【深】から【昇】へと高める力

 先日、皆既月食が全国で起きました。また、月が天王星を隠す「天王星食」も見られたようです。皆既月食と惑星食が同時に起きたのは実に442年ぶりとのことで、夜空を彩る天体ショーに感動した方も多かったと思います。その様子を撮影した画像が、かつての教職員仲間から送られてきました。442年ぶりという珍しい現象が納まった画像よりもまして、苦楽を共にした教職員の皆さまとの“稀有なつながりの不思議さ”に、私は感動を覚たのです。
 「真の贅沢というものは、ただ一つしかない、それは人間関係の贅沢だ」(注1)
これはフランスの作家サン=テグジュペリの言葉ですが、私は常々、“人は人によって鍛えられ、成長し、慈しみのある豊かな心になる”と思ってきました。そして、ひとりの人を徹して大切にすることが、自分自身の心を豊かにすると思ってきました。

 私が、小学校で5年生の学年主任をしていた頃のことです。この学年には、教員1年目のS先生がいました。念願の教師になり、新学期当初は張りきって学級の子どもと向き合って奮闘していました。しかし2学期の半ばころから、学級の子どもたちとの心の距離を感じ始めていたのです。
 そんな中、11月の学芸会に向けての準備が始まりました。学芸会には主役と脇役があって平等な役割分担ではない等の理由から、最近は学芸会を行わない学校が多いようです。とは言え、子どもの表現力育成に効果的な行事でもあるので、この学校では取り入れていたのです。
 学芸会の学年テーマを「みんなが主役、みんなでつくる学芸会」とし、ストーリーは子どもたちでつくることにしました。
─── 新しいクラスになり、知り合った当初は、まだお互いの関係がぎくしゃくしていた。でも、さまざまな困難を、一緒に乗り越えることを通して、徐々に友情が芽生えていく ───
こんな日常の学校生活を描くことになりました。そして、ストーリー展開に沿いながら、それぞれの場面のセリフと状況設定を、学年児童全員で考えていきました。

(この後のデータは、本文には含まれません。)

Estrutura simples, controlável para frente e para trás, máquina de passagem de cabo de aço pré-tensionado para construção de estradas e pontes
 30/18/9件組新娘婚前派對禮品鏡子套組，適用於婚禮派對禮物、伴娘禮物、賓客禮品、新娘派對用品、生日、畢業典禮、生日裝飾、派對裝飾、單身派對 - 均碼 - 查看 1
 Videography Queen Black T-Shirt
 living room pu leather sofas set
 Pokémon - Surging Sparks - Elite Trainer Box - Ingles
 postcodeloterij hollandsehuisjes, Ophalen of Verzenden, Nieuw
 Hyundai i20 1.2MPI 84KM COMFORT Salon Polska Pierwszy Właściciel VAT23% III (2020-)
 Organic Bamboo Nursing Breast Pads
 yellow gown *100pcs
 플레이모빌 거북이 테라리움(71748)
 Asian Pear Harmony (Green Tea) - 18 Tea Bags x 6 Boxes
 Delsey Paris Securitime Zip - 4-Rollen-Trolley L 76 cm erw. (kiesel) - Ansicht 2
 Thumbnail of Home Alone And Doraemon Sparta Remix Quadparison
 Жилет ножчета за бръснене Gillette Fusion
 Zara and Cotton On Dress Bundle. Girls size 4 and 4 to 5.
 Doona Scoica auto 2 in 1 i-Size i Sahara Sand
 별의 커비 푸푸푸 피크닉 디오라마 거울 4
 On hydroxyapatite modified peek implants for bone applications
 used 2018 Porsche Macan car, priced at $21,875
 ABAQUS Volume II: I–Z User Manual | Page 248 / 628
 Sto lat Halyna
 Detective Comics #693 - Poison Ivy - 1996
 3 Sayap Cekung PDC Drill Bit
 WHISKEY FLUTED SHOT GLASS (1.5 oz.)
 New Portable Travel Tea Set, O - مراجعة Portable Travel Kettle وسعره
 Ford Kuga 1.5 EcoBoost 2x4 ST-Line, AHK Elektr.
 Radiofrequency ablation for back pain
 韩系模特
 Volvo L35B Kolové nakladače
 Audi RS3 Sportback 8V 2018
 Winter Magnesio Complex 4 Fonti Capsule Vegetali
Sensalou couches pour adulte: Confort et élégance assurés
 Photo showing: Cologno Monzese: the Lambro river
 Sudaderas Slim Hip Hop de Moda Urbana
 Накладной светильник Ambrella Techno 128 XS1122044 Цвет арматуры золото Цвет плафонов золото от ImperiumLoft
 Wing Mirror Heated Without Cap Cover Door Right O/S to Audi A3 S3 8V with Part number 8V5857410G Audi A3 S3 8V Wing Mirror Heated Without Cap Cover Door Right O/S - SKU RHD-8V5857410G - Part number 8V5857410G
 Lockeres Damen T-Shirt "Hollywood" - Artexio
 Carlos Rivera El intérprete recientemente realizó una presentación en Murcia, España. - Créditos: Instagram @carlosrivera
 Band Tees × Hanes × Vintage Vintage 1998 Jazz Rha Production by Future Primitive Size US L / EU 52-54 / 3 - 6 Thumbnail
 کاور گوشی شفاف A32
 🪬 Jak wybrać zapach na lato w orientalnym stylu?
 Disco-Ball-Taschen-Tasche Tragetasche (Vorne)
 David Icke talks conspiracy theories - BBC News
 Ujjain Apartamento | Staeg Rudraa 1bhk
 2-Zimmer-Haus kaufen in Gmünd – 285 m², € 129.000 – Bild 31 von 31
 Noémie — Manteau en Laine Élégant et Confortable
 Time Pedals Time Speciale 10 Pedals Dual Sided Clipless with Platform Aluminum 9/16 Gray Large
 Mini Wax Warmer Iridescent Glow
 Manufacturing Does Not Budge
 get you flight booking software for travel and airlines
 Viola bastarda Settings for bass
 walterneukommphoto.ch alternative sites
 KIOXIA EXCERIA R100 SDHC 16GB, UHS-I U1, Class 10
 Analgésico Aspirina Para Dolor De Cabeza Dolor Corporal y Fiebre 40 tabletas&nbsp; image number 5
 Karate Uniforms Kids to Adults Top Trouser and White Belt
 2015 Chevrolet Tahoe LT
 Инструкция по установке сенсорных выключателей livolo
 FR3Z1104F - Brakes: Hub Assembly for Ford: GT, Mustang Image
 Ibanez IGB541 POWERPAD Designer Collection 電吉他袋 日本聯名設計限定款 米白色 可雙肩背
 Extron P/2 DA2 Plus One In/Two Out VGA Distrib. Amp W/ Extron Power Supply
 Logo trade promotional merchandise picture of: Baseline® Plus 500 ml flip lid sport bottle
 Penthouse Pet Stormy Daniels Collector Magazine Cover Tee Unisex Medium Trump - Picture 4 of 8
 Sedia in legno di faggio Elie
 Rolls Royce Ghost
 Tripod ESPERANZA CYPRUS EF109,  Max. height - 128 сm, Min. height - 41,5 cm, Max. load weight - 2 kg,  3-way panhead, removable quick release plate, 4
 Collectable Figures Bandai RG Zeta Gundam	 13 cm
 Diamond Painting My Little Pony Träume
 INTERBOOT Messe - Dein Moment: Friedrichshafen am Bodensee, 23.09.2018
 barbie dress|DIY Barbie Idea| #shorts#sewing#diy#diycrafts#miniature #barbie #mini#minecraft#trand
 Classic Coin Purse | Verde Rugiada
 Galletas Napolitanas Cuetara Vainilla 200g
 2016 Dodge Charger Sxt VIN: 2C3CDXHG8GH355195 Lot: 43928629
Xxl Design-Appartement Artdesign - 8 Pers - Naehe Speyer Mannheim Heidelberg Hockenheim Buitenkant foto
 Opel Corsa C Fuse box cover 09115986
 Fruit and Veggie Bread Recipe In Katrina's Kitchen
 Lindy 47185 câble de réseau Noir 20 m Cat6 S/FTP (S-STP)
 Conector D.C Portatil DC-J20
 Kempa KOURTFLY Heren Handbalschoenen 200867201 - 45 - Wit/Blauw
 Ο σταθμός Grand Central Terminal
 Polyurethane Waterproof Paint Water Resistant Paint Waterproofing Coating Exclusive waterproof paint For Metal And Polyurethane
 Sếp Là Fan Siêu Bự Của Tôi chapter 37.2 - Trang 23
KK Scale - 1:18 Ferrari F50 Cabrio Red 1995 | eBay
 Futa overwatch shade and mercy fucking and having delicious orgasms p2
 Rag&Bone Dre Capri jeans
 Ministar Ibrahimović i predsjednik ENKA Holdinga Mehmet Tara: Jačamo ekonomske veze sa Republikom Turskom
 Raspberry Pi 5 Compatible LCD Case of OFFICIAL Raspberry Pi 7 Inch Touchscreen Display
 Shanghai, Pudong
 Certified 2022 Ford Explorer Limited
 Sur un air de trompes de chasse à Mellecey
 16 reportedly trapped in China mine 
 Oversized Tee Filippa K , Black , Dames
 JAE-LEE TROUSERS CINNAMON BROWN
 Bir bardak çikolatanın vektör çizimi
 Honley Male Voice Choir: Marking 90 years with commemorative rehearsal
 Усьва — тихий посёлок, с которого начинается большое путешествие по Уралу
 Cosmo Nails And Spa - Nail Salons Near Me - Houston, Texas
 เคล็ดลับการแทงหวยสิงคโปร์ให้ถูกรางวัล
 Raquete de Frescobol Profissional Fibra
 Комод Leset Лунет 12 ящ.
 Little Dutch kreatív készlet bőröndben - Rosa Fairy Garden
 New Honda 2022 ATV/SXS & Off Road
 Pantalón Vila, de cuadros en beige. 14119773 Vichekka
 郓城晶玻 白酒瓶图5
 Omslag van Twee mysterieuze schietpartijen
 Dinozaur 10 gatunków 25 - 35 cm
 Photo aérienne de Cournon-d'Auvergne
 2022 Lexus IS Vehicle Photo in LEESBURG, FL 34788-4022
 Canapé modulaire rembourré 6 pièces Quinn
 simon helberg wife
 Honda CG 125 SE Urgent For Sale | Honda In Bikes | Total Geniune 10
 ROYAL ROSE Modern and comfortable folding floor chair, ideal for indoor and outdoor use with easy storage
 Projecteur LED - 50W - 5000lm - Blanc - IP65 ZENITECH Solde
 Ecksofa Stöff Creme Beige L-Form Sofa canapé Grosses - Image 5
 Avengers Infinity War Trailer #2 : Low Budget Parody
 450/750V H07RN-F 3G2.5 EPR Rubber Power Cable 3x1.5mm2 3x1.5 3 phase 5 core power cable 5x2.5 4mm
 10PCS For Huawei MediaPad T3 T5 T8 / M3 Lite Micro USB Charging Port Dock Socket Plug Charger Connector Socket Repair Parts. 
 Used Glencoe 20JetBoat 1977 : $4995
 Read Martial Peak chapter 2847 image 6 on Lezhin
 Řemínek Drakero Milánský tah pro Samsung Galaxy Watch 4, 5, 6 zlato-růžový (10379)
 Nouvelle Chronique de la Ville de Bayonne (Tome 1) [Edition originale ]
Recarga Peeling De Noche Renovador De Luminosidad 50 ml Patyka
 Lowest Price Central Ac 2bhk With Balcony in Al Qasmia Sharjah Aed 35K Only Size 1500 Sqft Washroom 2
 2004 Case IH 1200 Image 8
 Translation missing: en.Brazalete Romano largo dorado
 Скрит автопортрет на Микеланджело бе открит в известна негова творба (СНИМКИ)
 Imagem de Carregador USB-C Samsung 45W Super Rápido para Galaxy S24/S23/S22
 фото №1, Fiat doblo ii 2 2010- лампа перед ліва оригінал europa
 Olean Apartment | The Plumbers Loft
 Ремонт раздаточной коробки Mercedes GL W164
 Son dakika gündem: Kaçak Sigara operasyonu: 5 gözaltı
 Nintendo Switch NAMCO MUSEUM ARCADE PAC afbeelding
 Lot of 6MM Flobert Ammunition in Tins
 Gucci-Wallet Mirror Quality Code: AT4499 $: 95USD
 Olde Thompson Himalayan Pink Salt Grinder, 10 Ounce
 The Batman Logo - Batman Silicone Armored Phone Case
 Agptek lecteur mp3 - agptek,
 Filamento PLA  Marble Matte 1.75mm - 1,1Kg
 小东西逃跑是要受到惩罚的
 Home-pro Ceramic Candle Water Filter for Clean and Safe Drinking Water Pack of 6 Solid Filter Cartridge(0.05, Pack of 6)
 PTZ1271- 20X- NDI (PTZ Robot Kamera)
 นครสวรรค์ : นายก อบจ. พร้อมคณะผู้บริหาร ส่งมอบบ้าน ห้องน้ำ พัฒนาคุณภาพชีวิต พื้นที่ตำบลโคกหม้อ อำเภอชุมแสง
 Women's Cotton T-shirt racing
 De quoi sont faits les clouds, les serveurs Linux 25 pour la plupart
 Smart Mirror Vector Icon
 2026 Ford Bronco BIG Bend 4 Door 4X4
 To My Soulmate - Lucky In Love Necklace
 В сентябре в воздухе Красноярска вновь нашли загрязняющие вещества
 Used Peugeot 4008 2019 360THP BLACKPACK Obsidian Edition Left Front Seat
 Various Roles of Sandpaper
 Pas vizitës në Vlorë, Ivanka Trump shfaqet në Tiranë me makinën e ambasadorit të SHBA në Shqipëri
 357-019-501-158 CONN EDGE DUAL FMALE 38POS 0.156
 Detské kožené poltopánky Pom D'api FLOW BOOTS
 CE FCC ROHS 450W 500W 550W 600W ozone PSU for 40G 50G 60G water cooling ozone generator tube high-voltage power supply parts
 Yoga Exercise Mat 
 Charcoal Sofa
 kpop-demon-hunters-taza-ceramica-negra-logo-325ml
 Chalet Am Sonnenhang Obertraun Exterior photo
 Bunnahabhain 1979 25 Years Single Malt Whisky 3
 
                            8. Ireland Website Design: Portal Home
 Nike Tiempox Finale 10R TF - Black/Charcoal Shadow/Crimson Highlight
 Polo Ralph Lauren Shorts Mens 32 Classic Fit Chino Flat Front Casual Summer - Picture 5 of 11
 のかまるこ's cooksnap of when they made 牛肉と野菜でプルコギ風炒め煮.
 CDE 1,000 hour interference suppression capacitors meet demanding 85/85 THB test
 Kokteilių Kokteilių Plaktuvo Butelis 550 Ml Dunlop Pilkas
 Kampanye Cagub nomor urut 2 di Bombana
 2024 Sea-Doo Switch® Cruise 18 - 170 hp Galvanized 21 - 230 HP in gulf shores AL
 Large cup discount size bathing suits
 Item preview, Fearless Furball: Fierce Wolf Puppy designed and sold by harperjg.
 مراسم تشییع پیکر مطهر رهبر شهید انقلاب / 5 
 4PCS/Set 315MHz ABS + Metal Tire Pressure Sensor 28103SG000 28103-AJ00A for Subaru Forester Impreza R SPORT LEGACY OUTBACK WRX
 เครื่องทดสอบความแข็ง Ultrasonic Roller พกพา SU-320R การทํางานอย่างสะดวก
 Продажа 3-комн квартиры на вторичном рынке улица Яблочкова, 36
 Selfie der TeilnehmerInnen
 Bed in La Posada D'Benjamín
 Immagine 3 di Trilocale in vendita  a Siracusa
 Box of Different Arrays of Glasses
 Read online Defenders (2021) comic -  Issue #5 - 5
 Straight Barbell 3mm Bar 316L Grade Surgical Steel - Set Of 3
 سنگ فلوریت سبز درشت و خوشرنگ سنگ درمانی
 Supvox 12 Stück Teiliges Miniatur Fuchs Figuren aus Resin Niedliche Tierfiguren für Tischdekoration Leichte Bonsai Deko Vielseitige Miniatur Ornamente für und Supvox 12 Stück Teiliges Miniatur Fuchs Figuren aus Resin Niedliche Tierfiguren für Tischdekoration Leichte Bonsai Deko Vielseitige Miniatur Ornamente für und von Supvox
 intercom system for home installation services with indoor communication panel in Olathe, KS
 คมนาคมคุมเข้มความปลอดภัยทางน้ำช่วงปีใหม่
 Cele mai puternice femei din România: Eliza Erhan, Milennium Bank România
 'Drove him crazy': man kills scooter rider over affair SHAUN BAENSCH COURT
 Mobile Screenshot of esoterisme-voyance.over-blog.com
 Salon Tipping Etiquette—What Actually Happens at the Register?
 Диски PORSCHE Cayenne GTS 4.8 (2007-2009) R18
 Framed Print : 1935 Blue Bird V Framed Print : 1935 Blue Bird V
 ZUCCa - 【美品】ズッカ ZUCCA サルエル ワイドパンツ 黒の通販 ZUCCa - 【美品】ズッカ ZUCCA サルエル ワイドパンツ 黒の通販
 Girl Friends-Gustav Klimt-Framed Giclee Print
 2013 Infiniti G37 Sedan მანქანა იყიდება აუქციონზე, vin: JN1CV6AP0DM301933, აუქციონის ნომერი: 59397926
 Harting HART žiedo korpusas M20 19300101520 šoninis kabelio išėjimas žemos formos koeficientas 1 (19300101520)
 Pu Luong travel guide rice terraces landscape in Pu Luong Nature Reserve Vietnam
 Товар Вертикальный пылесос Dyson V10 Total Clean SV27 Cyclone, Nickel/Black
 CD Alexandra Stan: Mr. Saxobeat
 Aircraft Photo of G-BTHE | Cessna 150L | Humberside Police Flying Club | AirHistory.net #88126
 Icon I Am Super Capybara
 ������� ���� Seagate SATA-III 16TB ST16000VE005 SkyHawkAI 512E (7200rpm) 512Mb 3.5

 S先生の学級にいたA君は、下校後にみんなが遊んでいるところに遭遇し、遊びの仲間に入れて欲しいと願い出る場面のセリフを考えました。口数が少なく、目立つことを好まない・・・そんなA君だから、多くを語らなくても自分の思いが伝わる言葉を考えに考えたのです。  
 「僕も、その遊びに入れて欲しいよ」
セリフは、このたった一言でした。彼は、このたった一言に、自分の思いすべてをかけたのです。ところが、どんな状況設定にすれば最も自分らしい表現になるかが定まらず、一人黙々と悩み、考え続けていたのです。
 A君が日々悩んでいる様子を察したS先生は、どのように指導すればいいかを私に聞いてきました。この状況を乗り越えると、S先生はひと回りもふた回りも大きく成長すると思った私は、「指導というよりも、A君と一緒に悩み、考え抜くことだよ。そうすることで、A君がどうして一言だけのセリフにしたかの気持ちが分かってくると思うよ」と、アドバイスしました。それ以来S先生は、「僕も、その遊びに入れて欲しいよ」の一言を、A君の立場に立って同じように黙々と悩み、考え続けていたのでした。
 ある日、S先生が仕事を終えて駅へ向かう途中、A君の姿を目にしました。彼は自転車を押しながら、実に和やかな雰囲気で友達と談笑していました。学校ではあまり見せることのない彼らしいこの光景を見た瞬間、S先生は、ひらめいたのです。
─── そうだ!自転車を押しながら、「僕も、その遊びに入れて欲しいよ」のセリフを言うのが、A君にぴったりと合うのではないか!───
 その後、迎えた学芸会。A君の自転車を押しながらのたった一言は、演目の中でなくてはならない言葉になっていたのです。
 S先生とA君。二人は学芸会という学校行事を通して、それぞれの可能性を開花したのではないかと私は思います。S先生はA君のために悩み、考え抜いた結果、“新人教員から、一歩一人前の教師”へ。A君はS先生のひらめきにより、“自分らしい表現での演技”ができたと言えます。そしてこの学芸会を通して、S先生と学級の子どもたちとの心の距離も、少しずつ近づくようになったのです。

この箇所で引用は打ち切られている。